▶ _REQUIRED ACTION_
Give back all of the data exactly, with every picture omitted.

▶ _DATA EXCERPT_
----
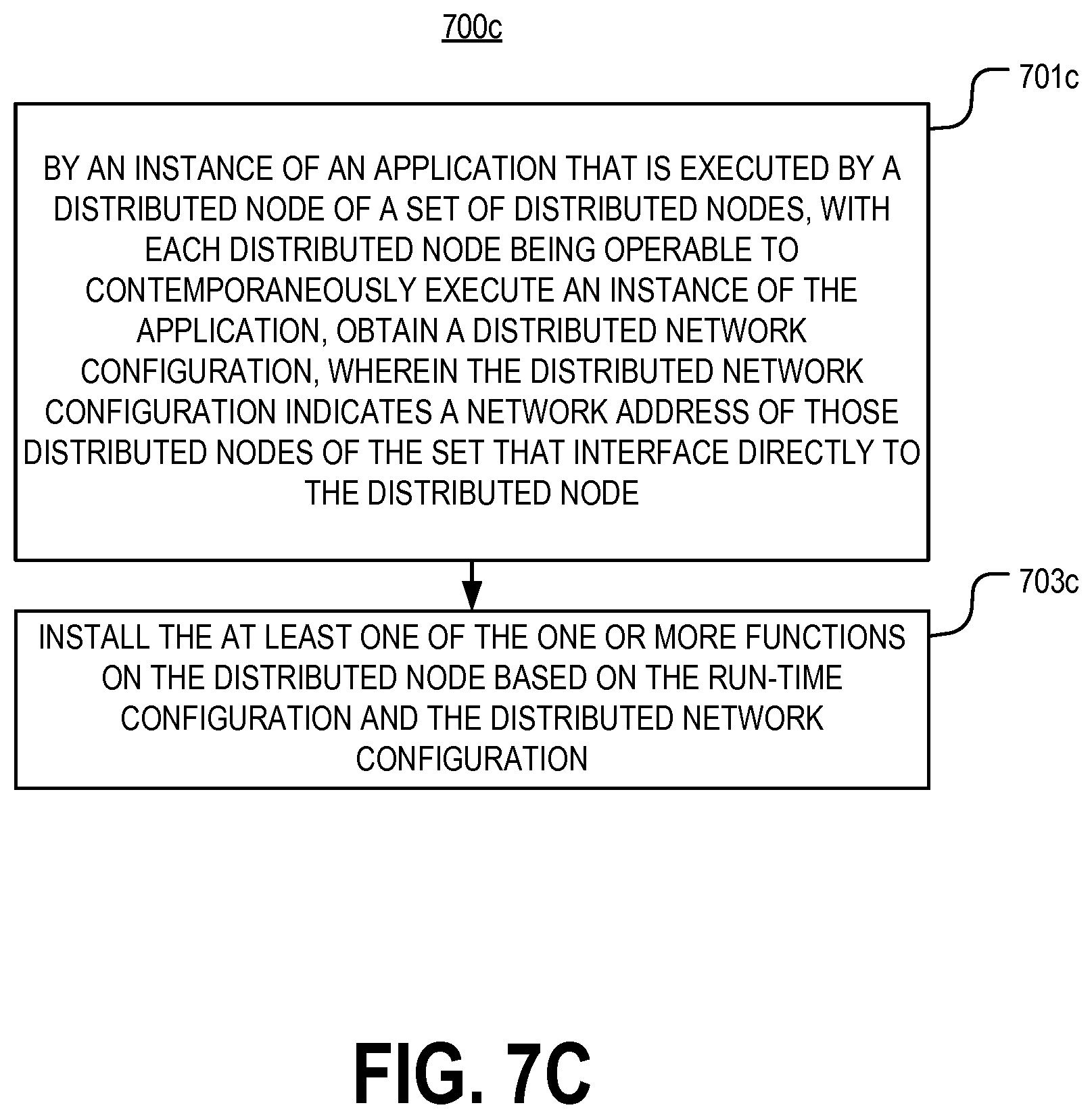 Patent US12107723 Figure 11 – Systems and methods of deploying a program to a distributed network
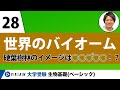 【生物基礎】世界のバイオーム【第28講】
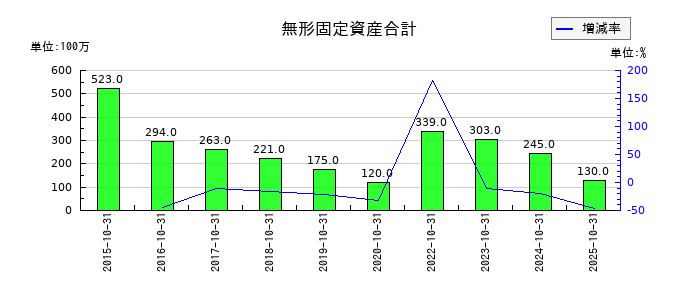 泉州電業の無形固定資産合計の推移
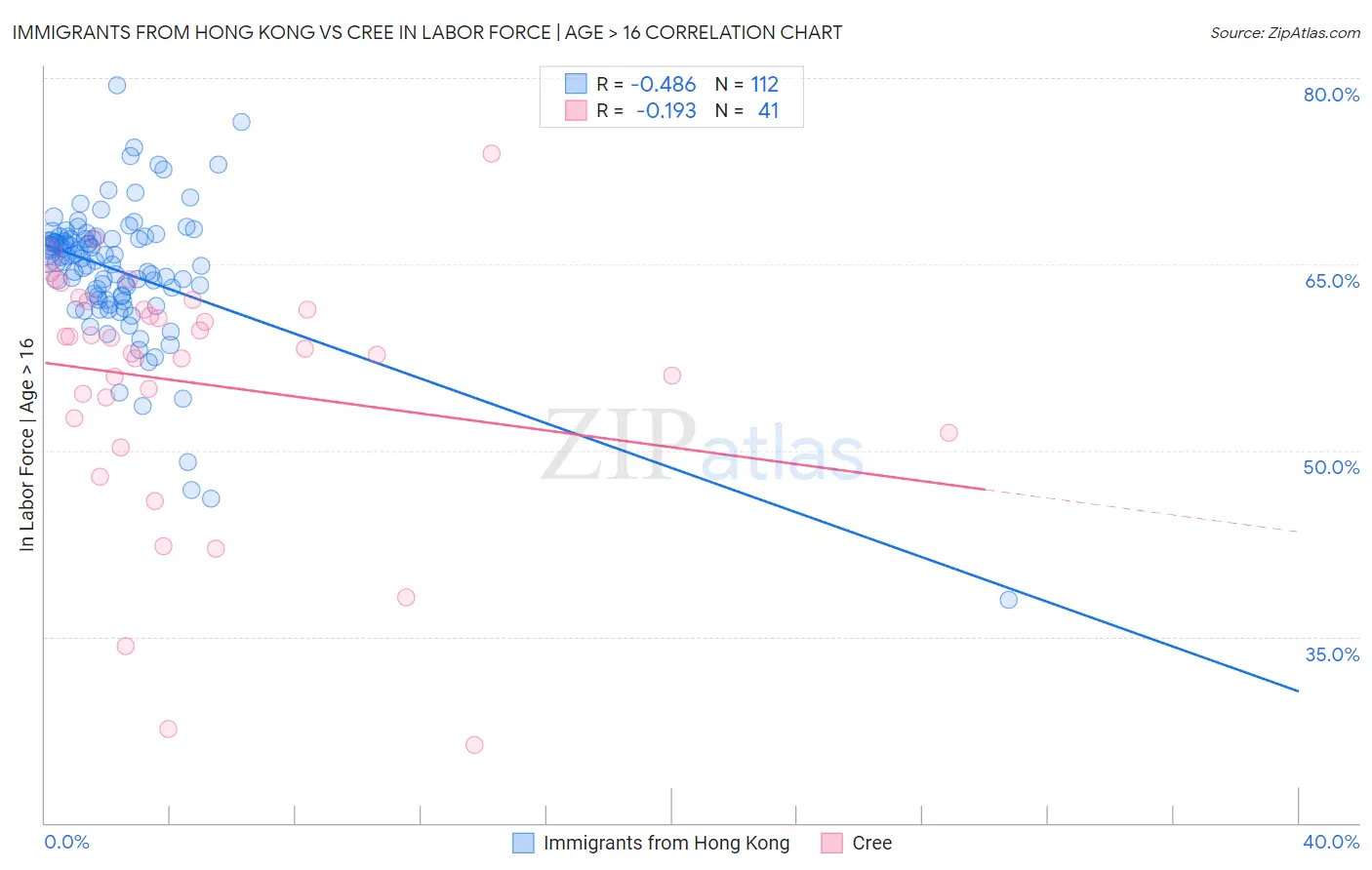 Immigrants from Hong Kong vs Cree In Labor Force | Age > 16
----
▶ _ANSWER BOX_
 Patent US12107723 Figure 11 – Systems and methods of deploying a program to a distributed network
 【生物基礎】世界のバイオーム【第28講】
 泉州電業の無形固定資産合計の推移
 Immigrants from Hong Kong vs Cree In Labor Force | Age > 16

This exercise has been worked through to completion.